Throughout the millennia, we have developed increasingly sophisticated tools to facilitate human interaction and expand the knowledge and wisdom of our culture. New electronic technologies for navigating our physical, social and intellectual spaces are no exception: they are having a significant influence on the way we work, think and play. Noted Canadian philosopher Marshall McLuhan believed that the patterned effects of our technologies hold greater importance than the content of the medium itself.
For our students, technology is ubiquitous: the Net Generation is, according to the University of Manitoba’s George Siemens, “digitally literate, constantly connected, socially-driven, engaged, and visually-driven”.
How do we create a learning environment that will be engaging and still provide a critical intellectual foundation for our students whose future is a world we can barely imagine? The questions are many; the choices are infinite. These five strategies can serve as stepping-stones for your first venture into your own cyber-classroom.
1. Jump-start your technology learning curve
Most Canadian universities provide learning management systems that can be used to supplement face-to-face instruction or deliver complete courses using the web.
Typically, instructors begin using learning management systems to simplify the administrative tasks associated with teaching; only with experience do we begin to develop new insights and creative ways of using technology to enhance student learning (Morgan, 2003). To avoid being overwhelmed by the technology, a useful strategy is to start small:
- Identify one administrative function that will be improved using technology. This could involve posting some of your course content online such as your syllabus, course schedule, or reading materials; or you may want to learn how to enter and distribute student grades electronically.

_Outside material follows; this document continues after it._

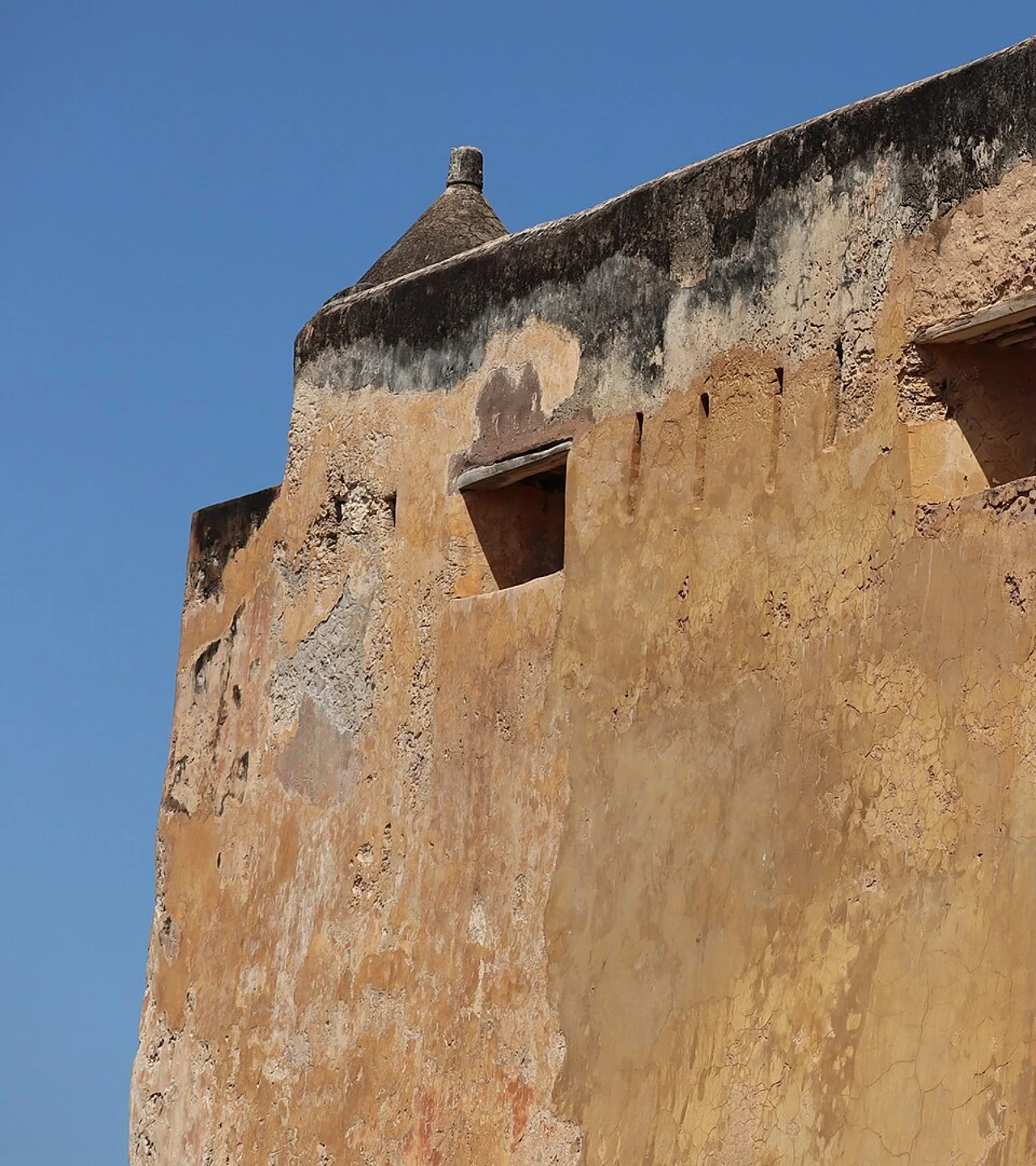 Mombasa, Fort Jesus dış duvarı; Kasım 2022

- Identify one instructional goal you would like to accomplish using technology and design an activity in the form of a case study, online debate, journal, presentation or project. Then consult with your campus learning technology specialist who can help you identify an appropriate tool to support your teaching strategy.
2. Embrace the paradigm shift
Moving your teaching from the lecture theatre to the web requires a significant transformation in both thinking and practice; so significant that we might even think of it as a paradigm shift. Unlike the lecture theatre, the virtual classroom is highly interactive: multitasking is the norm, the communication flow is many-to-many and it’s not uncommon to engage in multiple conversations at the same time. Instructors sometimes experience this as a shift in power or a loss of control, but the shift is really about using the virtual classroom to focus on a more interactive, student-centred style of learning.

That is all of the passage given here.